▶ **What is expected**
Would you give the listing back word for word once its pictures are removed?

▶ **Dataset extract**
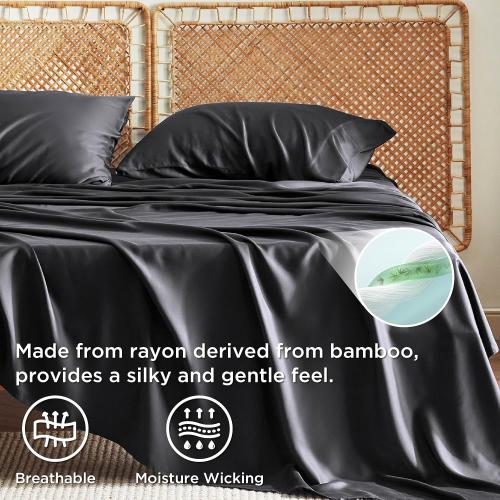 Bedsure Queen Sheets, Rayon Derived from Bamboo, Queen Cooling Sheet Set, Deep Pocket Up to 16, Breathable & Soft Bed Sheets, Hotel Luxury Silky Bedding Sheets & Pillowcases, Black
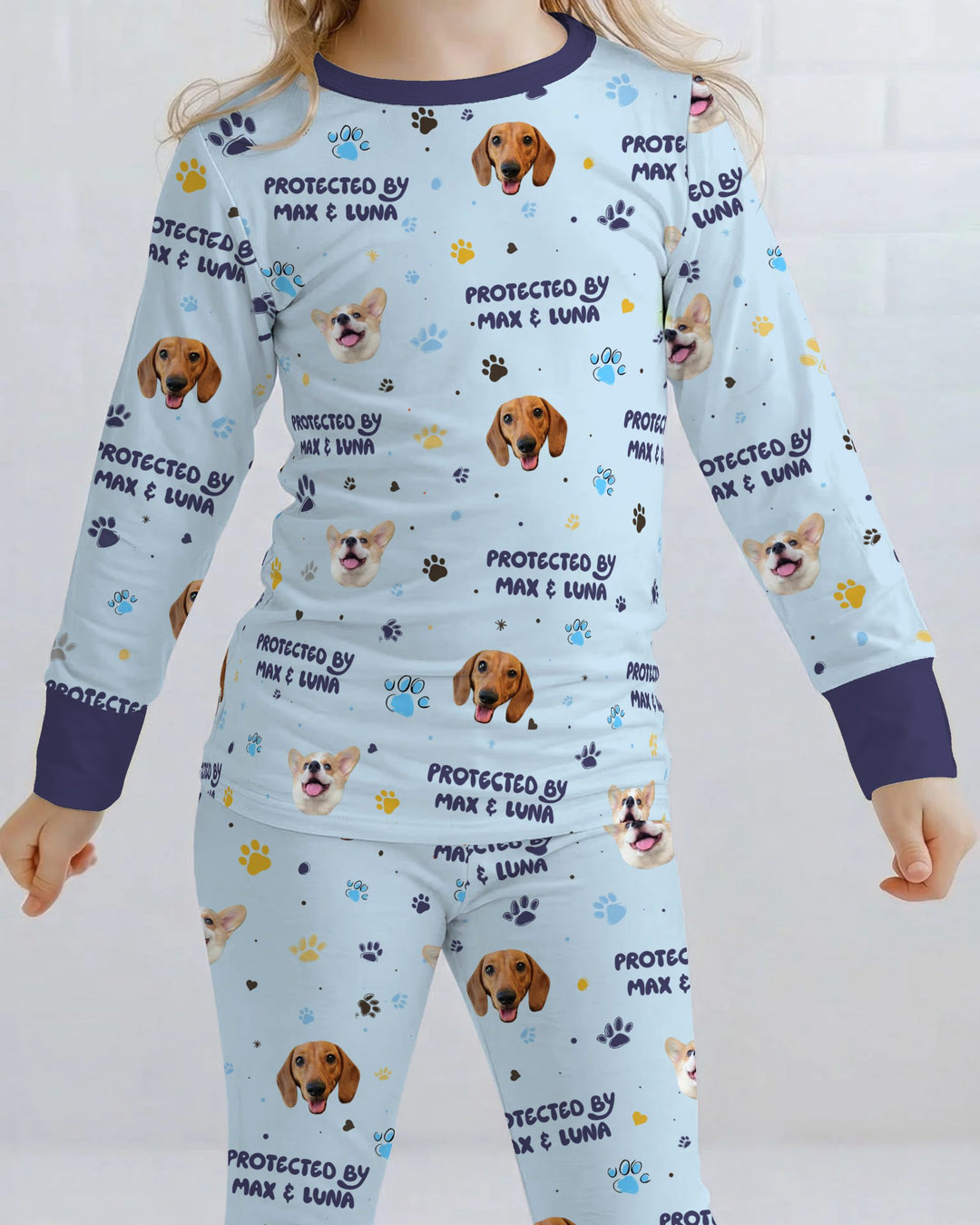 Custom Dog Photos "Protected By" Pawfect Blue Bamboo Two Piece Long Sleeve Pajama Set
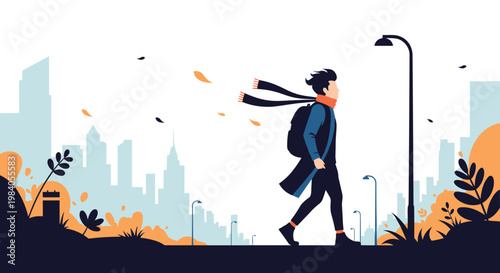 Young man with flowing scarf walks along city street during windy autumn day with falling leaves and cityscape background.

▶ **Exercise answer**
 Bedsure Queen Sheets, Rayon Derived from Bamboo, Queen Cooling Sheet Set, Deep Pocket Up to 16, Breathable & Soft Bed Sheets, Hotel Luxury Silky Bedding Sheets & Pillowcases, Black
 Custom Dog Photos "Protected By" Pawfect Blue Bamboo Two Piece Long Sleeve Pajama Set
 Young man with flowing scarf walks along city street during windy autumn day with falling leaves and cityscape background.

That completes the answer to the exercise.